Saya paham betul semboyan-semboyan yang tertulis di dinding-dinding kota seperti, “NKRI Harga Mati”, “Jagalah Persatuan dan Kesatuan Nasional”, “Ganyang Komunis” dan sebagainya. Atas nama khittah Orde Baru, saya sepakat dengan pernyataan bahwa sensor adalah bagian penting dari perjuangan nasional. Untuk itu, hal terpenting bukanlah keseluruhan dari jalannya suatu cerita, akan tetapi penggal sajalah satu bagian dari cerita, atau potonglah satu frase yang siap pakai pada momen yang tepat untuk membungkam lawan-lawan politik. Misalnya, jika kita ingin menyudutkan seorang pejabat sekelas menteri sekalipun, tunjuk saja batang hidungnya, lalu katakan dengan tegas: “Pak Menteri, kata-kata Anda itu seperti orang komunis!” Nah, dengan begitu saya bisa menjamin, dia bakal takut dan gemetaran membayangkan tentara atau intelijen negara yang siap melempar mereka ke lubang-lubang sumur.
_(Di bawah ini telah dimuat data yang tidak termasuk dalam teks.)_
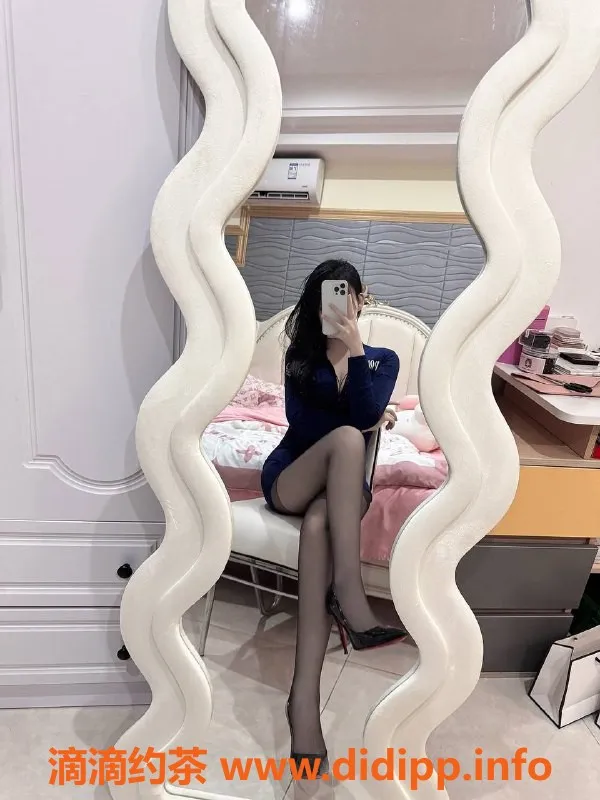 深圳楼凤资源信息,龙华区嫩妹予希，性感可爱，课费1200-2200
Sekali lagi, saya adalah Nurdin Sambo. Saya sudah hafal betul dengan doktrin-dokterin semacam itu. Apa boleh buat, tiga huruf “PKI” tetap saya pertahankan sebagai dagangan politik saya dan kader-kader saya. Saya sudah paham tuduhan para mahasiswa dan generasi milenial, bahwa orang-orang seperti kami tak lebih dari birokrat-birokrat borjuis. Hahaha, semula saya mengira bahwa tuduhan semacam itu baik-baik saja. Kami merasa perlu seperti mereka yang ingin hidup tenteram dan sejahtera.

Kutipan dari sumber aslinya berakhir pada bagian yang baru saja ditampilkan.